After he completed his tour in the Narwhal in December 1940, Edge reported aboard the rusty World War I-vintage submarine O-4 based at the Philadelphia Navy Yard, where many obsolete submarines were laid up before scrapping. Unlike her sisters destined for the breaker’s yard, the O-4 had been chosen by the Navy for duty as a submarine school training boat. Edge worked hard and put in long hours on the refurbishing and fitting out of the rusty old sub. Then, in July 1941, with World War II looming for America, Edge received orders to report to the Naval Academy to undertake a two-year postgraduate course of instruction in what was then called “radio engineering.” This new field married electronics to communications and other technologies that
were coming into wider use in the Navy. The equipment required highly skilled technicians to operate it and repair it.
The assignment must have convinced Lawrence that he was doomed to attend classes ashore while the war everyone knew was coming got started without him. He may have doubted that he’d ever get aboard a submarine to join the battle. After all, it was no secret that submarines would play a major role in a war against the Japanese, and every submariner alive, veteran and novice alike, wanted aboard one. A lot happened during the two years he and Sarah spent together in Annapolis. The most important event was the birth of their first child, Sarah. Meanwhile, overseas, Hitler, after conquering eastern Europe, invaded the USSR. The Japanese, after attacking Pearl Harbor, overran the Far East.

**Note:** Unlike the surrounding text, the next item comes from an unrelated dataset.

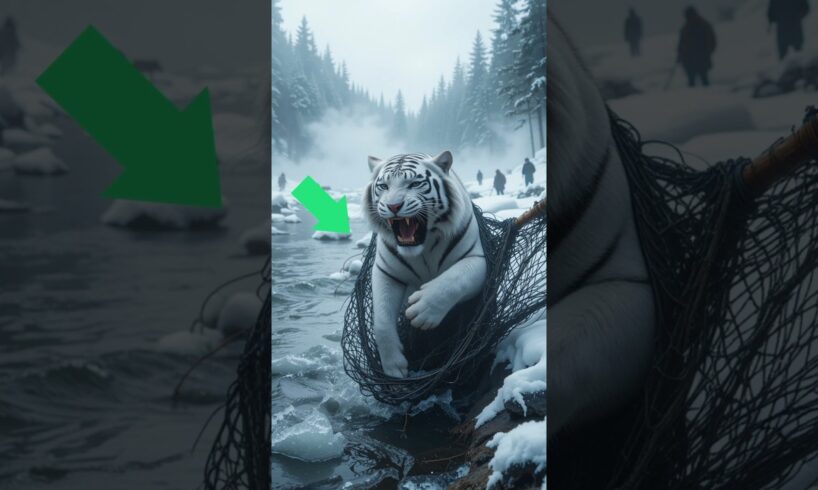 White Tiger trapped by fisherman's net and saved by rescue team #rescue #animals #tiger
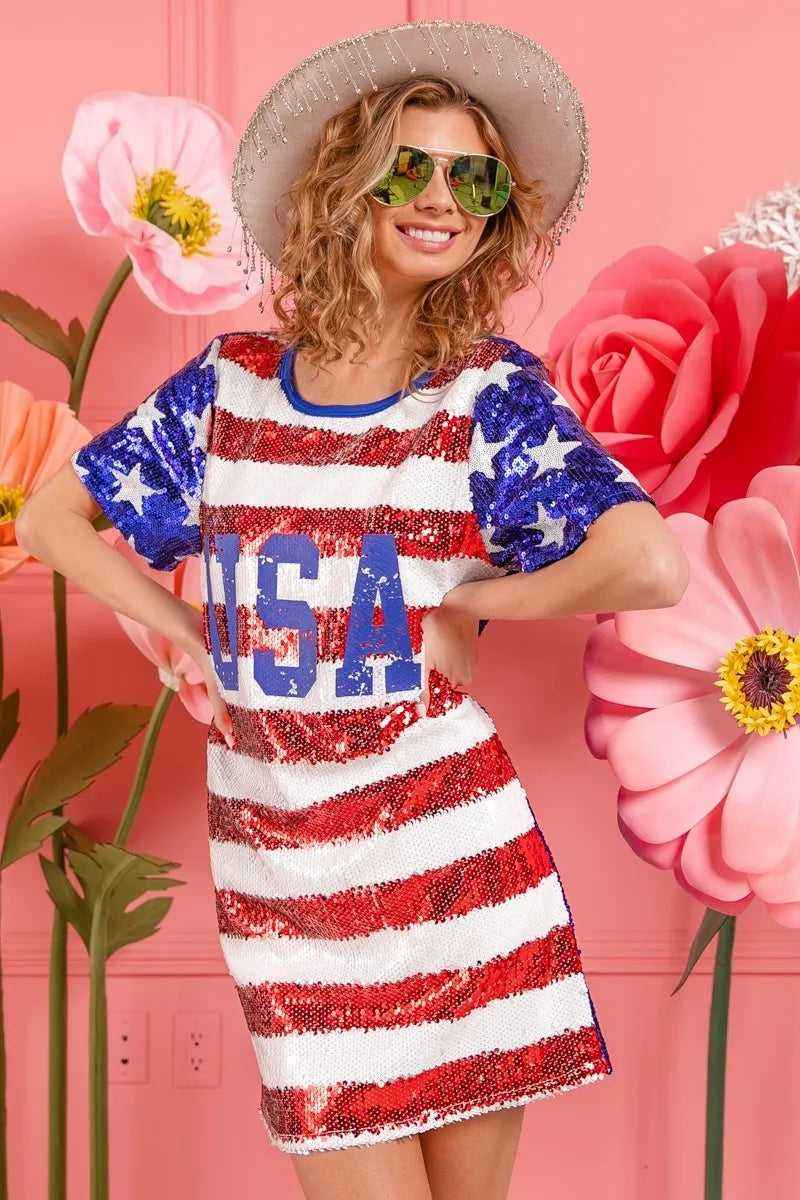 USA Flag Sequin Dress - Patriotic Sparkle for July 4th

Lawrence endured his two years at Annapolis far from the action, studying basic and advanced electronics. His course of instruction included periodic bouts of temporary duty at places like the Sperry Gyroscope Company on Long Island, the National Broadcasting Company in New York City, the Radio Corporation of America in New Jersey, Philco Radio & Television Corporation in Philadelphia, and many others. His duties included visits to the Fleet Sound School in Key West, Florida, and the Massachusetts Institute of Technology in Cambridge. He and a pregnant Sarah moved up and down the East Coast together, often living in temporary quarters while enjoying married life in the Navy even as Lawrence grew impatient for submarine work.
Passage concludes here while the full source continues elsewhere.